- Opening Delimiter -
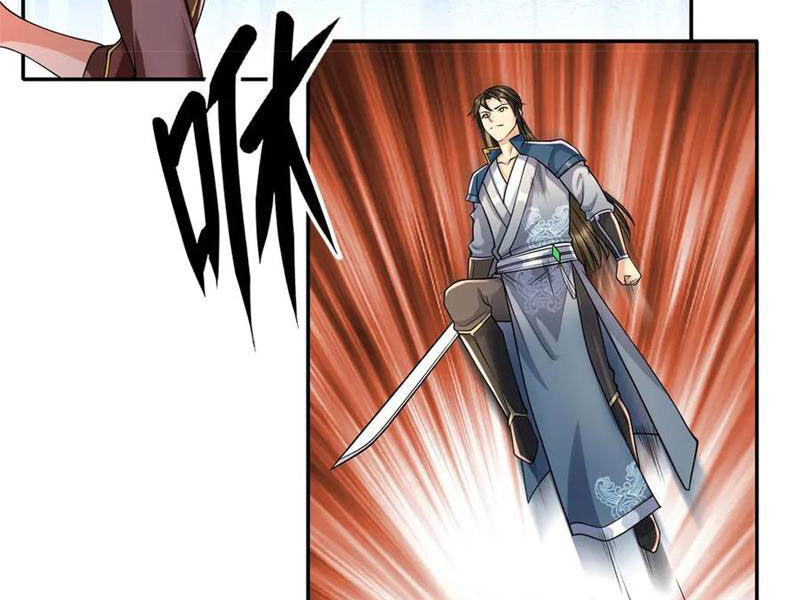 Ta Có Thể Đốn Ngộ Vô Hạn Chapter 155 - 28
- Closing Delimiter -
- Opening Delimiter -
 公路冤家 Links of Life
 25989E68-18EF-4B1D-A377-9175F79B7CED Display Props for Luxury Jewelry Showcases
- Closing Delimiter -
- Opening Delimiter -
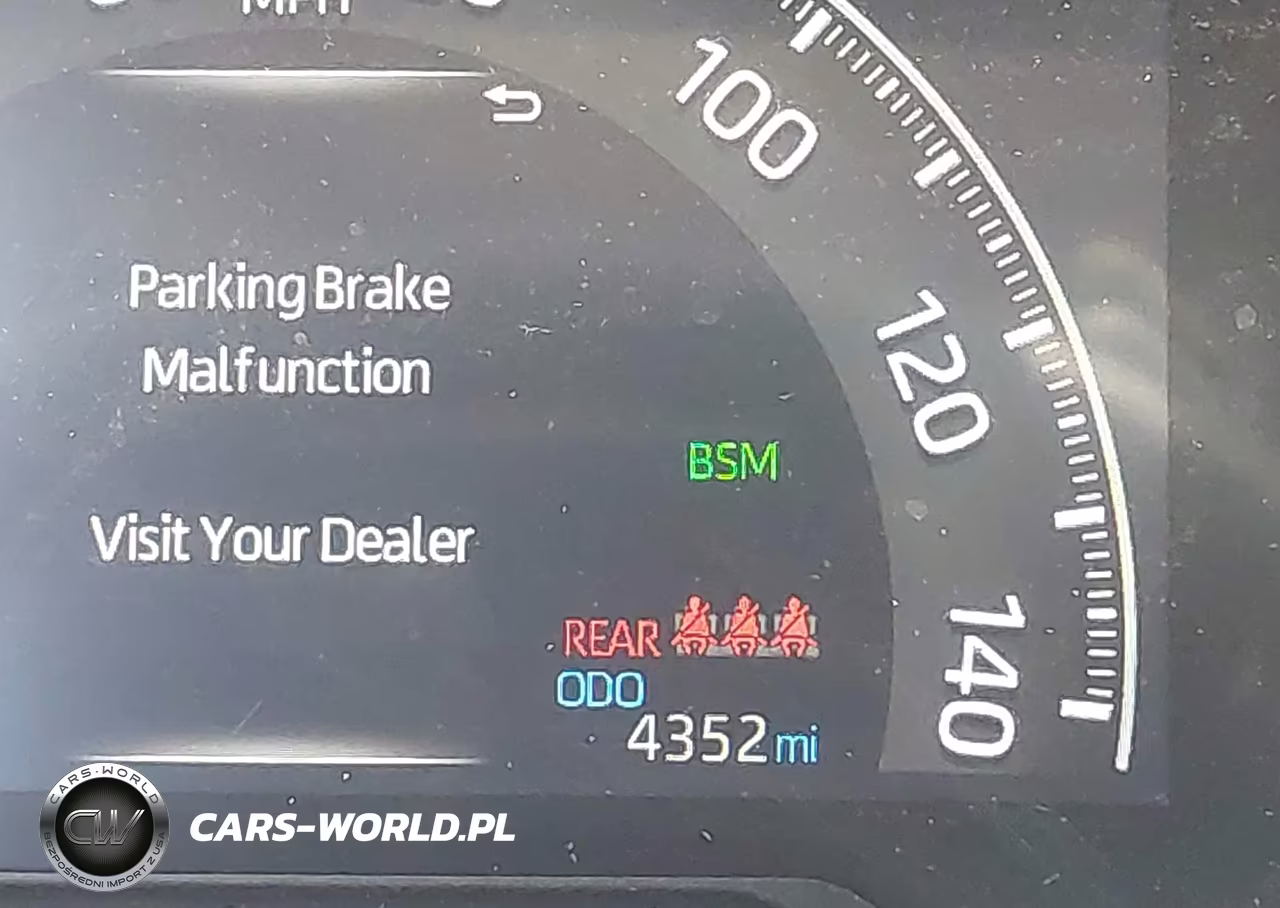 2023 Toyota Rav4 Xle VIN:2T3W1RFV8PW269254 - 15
- Closing Delimiter -
• [Directions for this task]:
Copy the lines of the data above exactly as written, beginning with the line containing "公路冤家 Links of Life" and ending with the line containing "25989E68-18EF-4B1D-A377-9175F79B7CED Display Props", and leave out all other lines.

• [Exercise output]:
 公路冤家 Links of Life
 25989E68-18EF-4B1D-A377-9175F79B7CED Display Props for Luxury Jewelry Showcases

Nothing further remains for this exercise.